OK, I got frustrated working on the Arrer Boyz and I haven't finished them yet. The casting on those things is just horrible. I am still working on them and they'll probably be my next entry. But for the time being, here's a mob of Boyz instead. I also got my Warboss put together and primed so I'll throw in a pic of him too.


----------



## swntzu (Dec 25, 2007)

Bonjiourno!

My contribution for now is my unpainted bsb and plastic white lion:



















Also look at my crappy dragon prince in progress:


----------



## The Wraithlord (Jan 1, 2007)

Looking good so far guys. I will try and get some of my Kings done this month as well. Been so focused on my Thousand Sons lately that it is hard to paint anything else and I want to take advantage of that.


----------



## jigplums (Dec 15, 2006)

just a point as its a new month would still be worth explaining the bout in the first thread for guys new to the forum etc


----------



## CallumM27 (Mar 20, 2008)

You said to leave a comment Hespithe so, hi guys can I join in cos I'm just starting to paint a Hordes of Chaos Tzeentch army and this is just the sort of thing to motivate me into painting them. 
Cheers
-Callum


----------



## Hespithe (Dec 26, 2006)

That works! I'll go ahead and update the Event thread with your particulars. Welcome aboard!


----------



## CallumM27 (Mar 20, 2008)

Cheers Hespithe, I've almost finish my Lord so I'll try and have pics of Count Callum the Callous by tonight :good:


----------



## CallumM27 (Mar 20, 2008)

Heres Count Callum the Callous, hes not completely painted. The first is a close up. The second shows the full model and the knights in the back are in the process of being painted as the counts chosen honour guard. What do you think?


----------



## Hespithe (Dec 26, 2006)

Wow... you've done an excellent job on the purple and green! The ivory could use a bit of touching up, and maybe a bit more blending on the blues, but still a very VERY nice model. I'm looking forward to seeing the bodyguard.


----------



## CallumM27 (Mar 20, 2008)

Can you suggest how I can do this for the ivory, Its my first time trying to paint ivory so not sure what colours to use. With the blending do I just add abit of water to the paint and add thin layers?


----------



## Hespithe (Dec 26, 2006)

Ha! It took Correlohn and I 3 days to get our hobby room straightened up but we have finally managed it. We also folded our table away so that we were not tempted to paint upon it, lol. We are now prepared to get something together for this event. I do apologize for not being more involved, and so soon into the event, too. But things are changing, and the Tomb Kings are gonna be yeller if I have to beat the pigment into them!


----------



## Frostbite (Oct 17, 2007)

I unfortunantly will have to drop out of the painting, as I'm going to be extrememly busy for the next few months. Sorry guys, that's how life goes...


----------



## Hespithe (Dec 26, 2006)

It happens, mate. Good luck to you and yours.
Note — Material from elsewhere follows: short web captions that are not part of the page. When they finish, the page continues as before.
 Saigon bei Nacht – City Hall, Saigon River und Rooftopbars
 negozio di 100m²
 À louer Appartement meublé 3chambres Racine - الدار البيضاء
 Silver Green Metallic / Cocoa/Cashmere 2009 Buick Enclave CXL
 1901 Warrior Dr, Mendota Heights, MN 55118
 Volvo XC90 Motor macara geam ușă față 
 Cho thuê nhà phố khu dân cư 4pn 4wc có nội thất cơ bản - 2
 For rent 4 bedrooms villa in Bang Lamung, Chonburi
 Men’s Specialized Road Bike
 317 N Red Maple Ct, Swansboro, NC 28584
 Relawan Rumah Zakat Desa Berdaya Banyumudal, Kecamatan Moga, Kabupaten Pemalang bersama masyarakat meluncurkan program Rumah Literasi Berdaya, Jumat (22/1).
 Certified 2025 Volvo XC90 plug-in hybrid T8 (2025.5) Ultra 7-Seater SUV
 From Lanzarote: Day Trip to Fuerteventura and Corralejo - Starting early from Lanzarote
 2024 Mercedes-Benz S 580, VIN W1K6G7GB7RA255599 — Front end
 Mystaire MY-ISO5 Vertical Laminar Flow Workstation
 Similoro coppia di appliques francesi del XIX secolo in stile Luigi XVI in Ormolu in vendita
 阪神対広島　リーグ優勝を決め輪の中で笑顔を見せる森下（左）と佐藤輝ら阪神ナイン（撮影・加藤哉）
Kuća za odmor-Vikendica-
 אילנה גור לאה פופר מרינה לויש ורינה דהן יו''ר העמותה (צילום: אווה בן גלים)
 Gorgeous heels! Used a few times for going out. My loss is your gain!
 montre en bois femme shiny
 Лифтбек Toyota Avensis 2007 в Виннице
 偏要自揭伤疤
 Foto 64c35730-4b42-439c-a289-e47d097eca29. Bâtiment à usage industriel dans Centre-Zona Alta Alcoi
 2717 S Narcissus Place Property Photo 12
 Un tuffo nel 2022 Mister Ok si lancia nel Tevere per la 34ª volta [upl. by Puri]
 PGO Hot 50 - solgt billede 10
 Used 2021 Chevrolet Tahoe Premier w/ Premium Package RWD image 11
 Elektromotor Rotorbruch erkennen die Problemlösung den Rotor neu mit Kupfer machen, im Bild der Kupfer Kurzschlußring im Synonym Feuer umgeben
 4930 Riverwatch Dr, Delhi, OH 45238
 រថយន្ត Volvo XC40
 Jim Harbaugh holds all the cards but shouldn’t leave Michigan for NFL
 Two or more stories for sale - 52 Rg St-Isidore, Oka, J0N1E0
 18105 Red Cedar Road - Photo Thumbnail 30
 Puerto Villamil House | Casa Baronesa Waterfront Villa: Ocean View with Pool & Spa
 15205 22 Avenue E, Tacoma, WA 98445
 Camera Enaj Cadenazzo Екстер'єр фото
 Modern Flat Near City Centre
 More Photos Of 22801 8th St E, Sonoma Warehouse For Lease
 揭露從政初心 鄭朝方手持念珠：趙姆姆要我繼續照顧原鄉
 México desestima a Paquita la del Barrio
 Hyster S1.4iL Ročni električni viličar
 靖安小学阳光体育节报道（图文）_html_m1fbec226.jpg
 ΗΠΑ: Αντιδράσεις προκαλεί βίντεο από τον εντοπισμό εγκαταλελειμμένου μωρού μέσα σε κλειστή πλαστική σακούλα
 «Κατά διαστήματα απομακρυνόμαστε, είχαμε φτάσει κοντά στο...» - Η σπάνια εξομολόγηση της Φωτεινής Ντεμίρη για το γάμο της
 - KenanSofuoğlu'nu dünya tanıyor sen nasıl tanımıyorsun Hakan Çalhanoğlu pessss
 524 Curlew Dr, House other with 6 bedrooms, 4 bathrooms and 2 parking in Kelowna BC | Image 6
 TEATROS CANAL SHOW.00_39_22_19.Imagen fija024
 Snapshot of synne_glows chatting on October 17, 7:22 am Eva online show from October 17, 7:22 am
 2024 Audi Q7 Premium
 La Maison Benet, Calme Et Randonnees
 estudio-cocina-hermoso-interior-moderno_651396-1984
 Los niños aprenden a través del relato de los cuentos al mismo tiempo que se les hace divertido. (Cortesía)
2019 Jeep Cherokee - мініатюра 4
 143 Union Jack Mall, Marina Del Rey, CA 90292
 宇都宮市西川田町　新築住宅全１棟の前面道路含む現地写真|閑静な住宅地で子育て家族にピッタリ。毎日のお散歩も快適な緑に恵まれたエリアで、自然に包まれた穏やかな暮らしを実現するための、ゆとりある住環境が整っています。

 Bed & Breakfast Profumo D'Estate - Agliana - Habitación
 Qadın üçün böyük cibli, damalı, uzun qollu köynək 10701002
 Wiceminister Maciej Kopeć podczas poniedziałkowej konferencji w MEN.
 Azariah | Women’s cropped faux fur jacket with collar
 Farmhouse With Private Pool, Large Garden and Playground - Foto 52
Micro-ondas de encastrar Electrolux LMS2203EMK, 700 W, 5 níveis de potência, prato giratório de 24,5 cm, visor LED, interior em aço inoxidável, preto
For my part, I have just completed the bare bones assembly of 2 units of 5 Light Horsemen. After the glue dries, I'll be able to spray prime them and then they'll be ready for pigments. The priming should be completed tonight, and I'll hopefully be able to start the painting process tomorrow.


----------



## swntzu (Dec 25, 2007)

I did the face on this guy after not being able to get to sleep.










It looks better in natural light.


----------



## Hespithe (Dec 26, 2006)

That looks very well done, Swn. Nice.


----------



## humakt (Jan 2, 2008)

looks good. Like it.


----------



## neilbatte (Jan 2, 2008)

hespithes chaos dwarves have a new lease of life and after 2 days of painting(the enthusiasm of a new army is priceless) i have finished a unit of 25 dwarves and 15 nightgoblin/hobgoblins and made a good start on the lord so if its not to late to join in i will post some photos tomorrow when the lights better


----------



## Hespithe (Dec 26, 2006)

LOL... Awesome!


----------



## neilbatte (Jan 2, 2008)

hopefully this has worked there should be a few pictures of my chaos dwarves so far i havent decided on the bases yet and have a bit of tidying up to do on the gobbos so can i join the paintathon?


----------



## frost_reaver (Dec 15, 2007)

Nice work on those Dwarfs! Welcome to the paintathon.


----------